■ Exercise aim
Please transcribe the data exactly as shown, skipping the images.

Record excerpts START

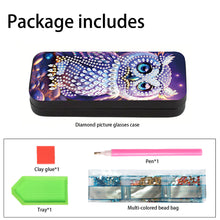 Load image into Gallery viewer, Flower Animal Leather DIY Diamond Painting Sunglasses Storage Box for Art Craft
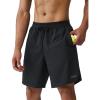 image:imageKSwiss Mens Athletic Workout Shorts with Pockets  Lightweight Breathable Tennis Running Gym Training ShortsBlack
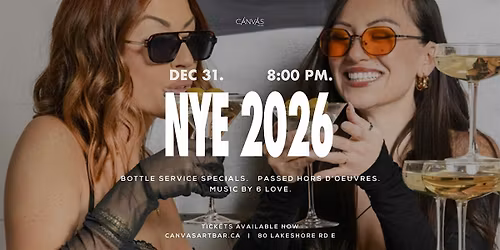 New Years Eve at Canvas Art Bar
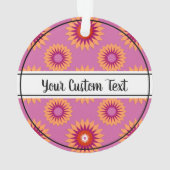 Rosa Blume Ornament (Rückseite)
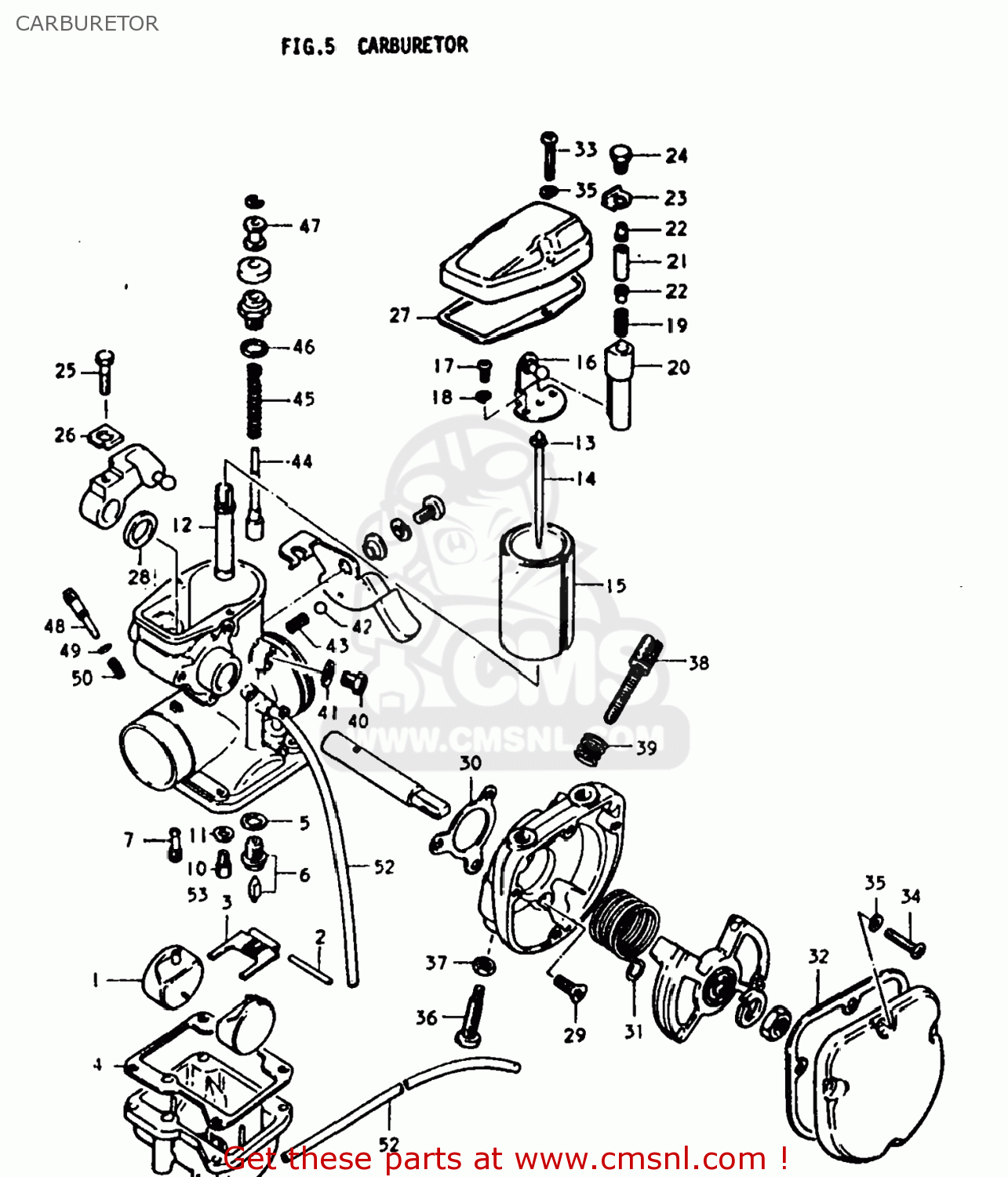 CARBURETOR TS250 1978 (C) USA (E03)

Record excerpts END

■ Result of the exercise
 Load image into Gallery viewer, Flower Animal Leather DIY Diamond Painting Sunglasses Storage Box for Art Craft
 image:imageKSwiss Mens Athletic Workout Shorts with Pockets  Lightweight Breathable Tennis Running Gym Training ShortsBlack
 New Years Eve at Canvas Art Bar
 Rosa Blume Ornament (Rückseite)
 CARBURETOR TS250 1978 (C) USA (E03)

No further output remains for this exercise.